Thursday, April 17, 2008

Creative Play - You're Doing It Wrong!


I heard this story on NPR, Creative Play Makes for Kids in Control, about the Tools of the Mind program which promotes creative play as a means to promote self-regulation in children. Now I totally agree that today's kids have too many structured activities and that can lead to issues with self-control. According to a companion NPR piece, Old-Fashioned Play Builds Serious Skills:
It turns out that all that time spent playing make-believe actually helped children develop a critical cognitive skill called executive function. Executive function has a number of different elements, but a central one is the ability to self-regulate. Kids with good self-regulation are able to control their emotions and behavior, resist impulses, and exert self-control and discipline.
But the techniques outlined in the Tools of the Mind program left me thinking that they totally missed the boat.
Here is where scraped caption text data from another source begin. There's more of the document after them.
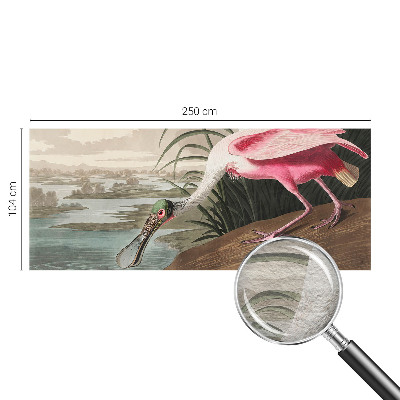 Modern wall mural for bedroom featuring an exotic bird design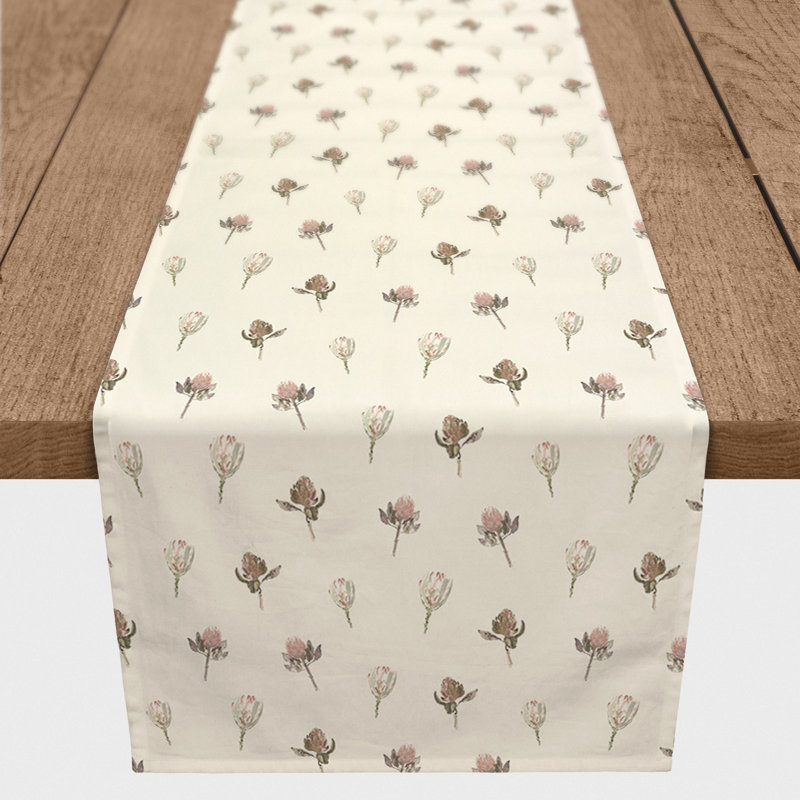 Rectangular Floral Table Runner, Cream, 90" x 16"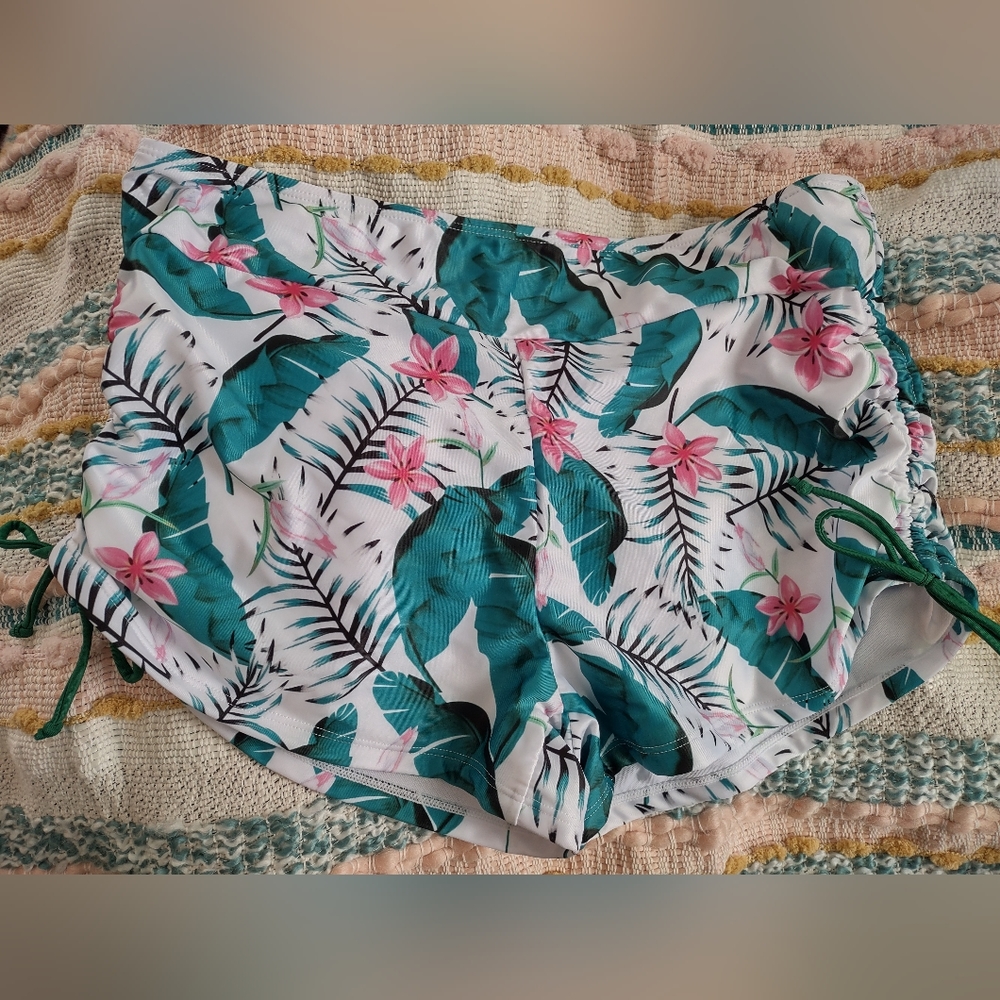 Tropical print boy short swim bottoms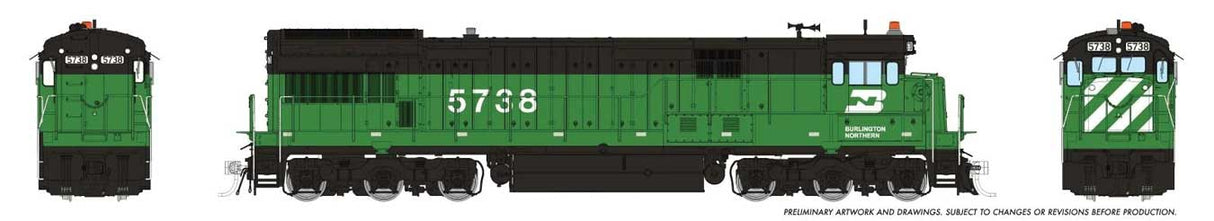 GE U33C Low Nose - Sound and DCC -- Burlington Northern #5738 (Cascade Green, black, white)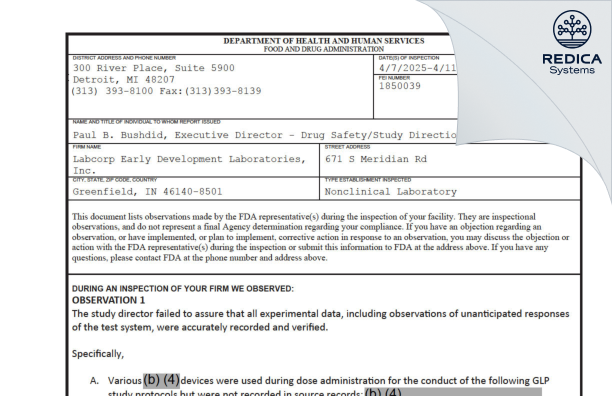 FDA 483 - Labcorp Drug Development Inc. [Greenfield / United States of America] - Download PDF - Redica Systems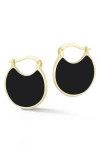 Chloe & Madison Chloe And Madison Enamel Hoop Earrings In Gold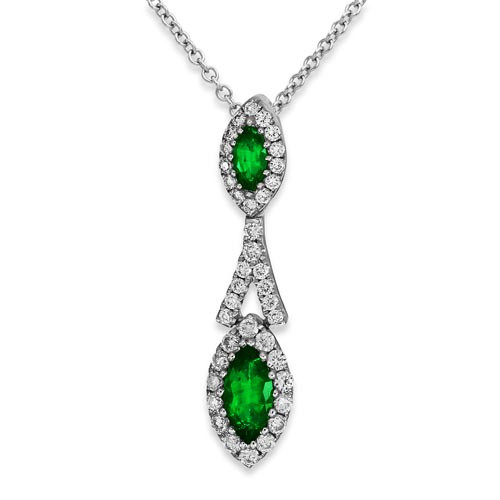 emerald pendant 0.26ct. set with diamond in cluster pendant smallest Image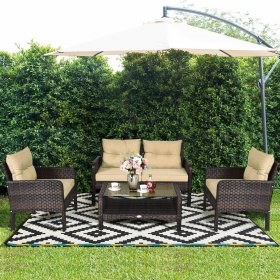 Costway 4PCS Patio Rattan Furniture Set Loveseat Sofa Coffee Table Garden W/ Cushion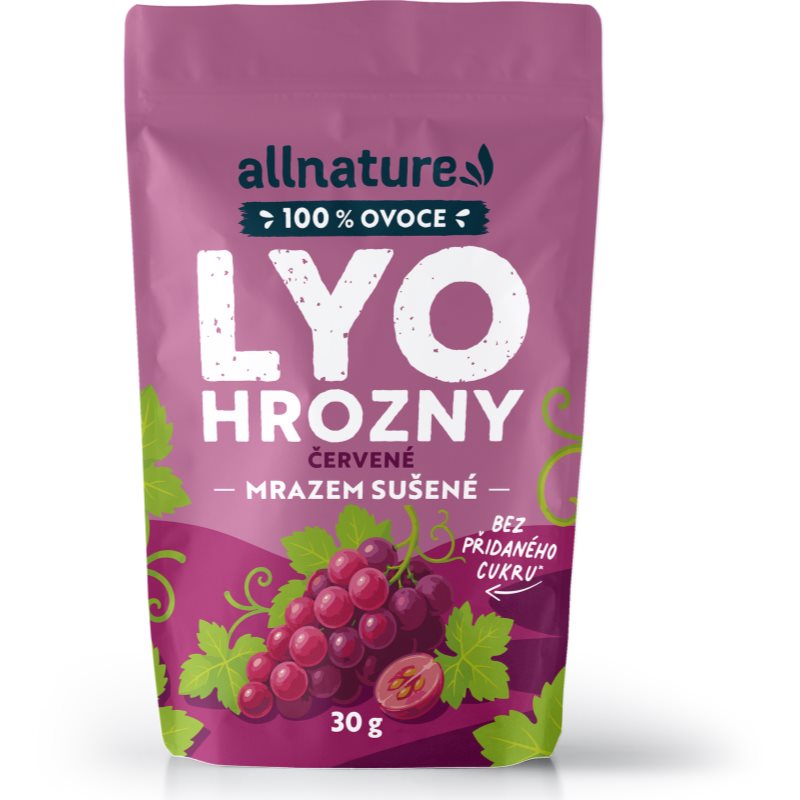 Allnature Hroznové víno červené sušené mrazem mrazem sušené ovoce 30 g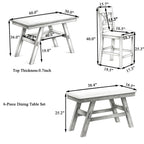 TOPMAX 6-Piece Wood Counter Height Dining Table Set with Storage Shelf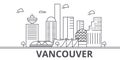Vancouver architecture line skyline illustration. Linear vector cityscape with famous landmarks, city sights, design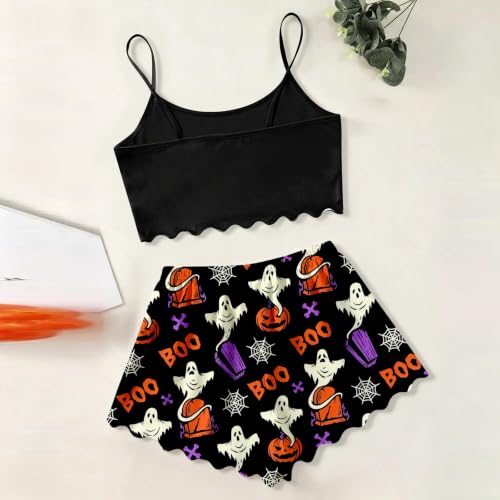FAEXUM Halloween Pajamas Women Sets 2 Piece Cute Ghost Pumpkin Print Sets - image 3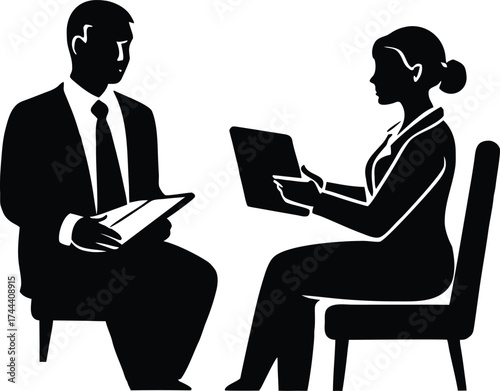 Hr Manager Interviewing Candidate Silhouette | Recruitment Vector Design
Preschoolers are asked to make a written plan before they play, making them think in advance about what they are going to do and then follow the plan. They are talking about 4-year-olds! I'm sorry but filling out paperwork before playing is not creative play, it is inundating poor innocent children with the drudgery of the adult world. They are in preschool for crying out loud, not trying to get an MBA. They have to fill out paperwork whether they want to play with play-doh or to play outside during recess. To me, this is not creative in the least. I can see kids preferring to write "slide" over "sandbox" because it has less letters. It's one thing to promote self-awareness and self-regulation, but to the point of stifling any sense of spontaneity and fun? Besides, even in the software world of agile development, it is all about being able to change your design and implementation quickly and not having to be tied down to fully detailed specification at the beginning of a project. Let's just say that I would never survive this preschool.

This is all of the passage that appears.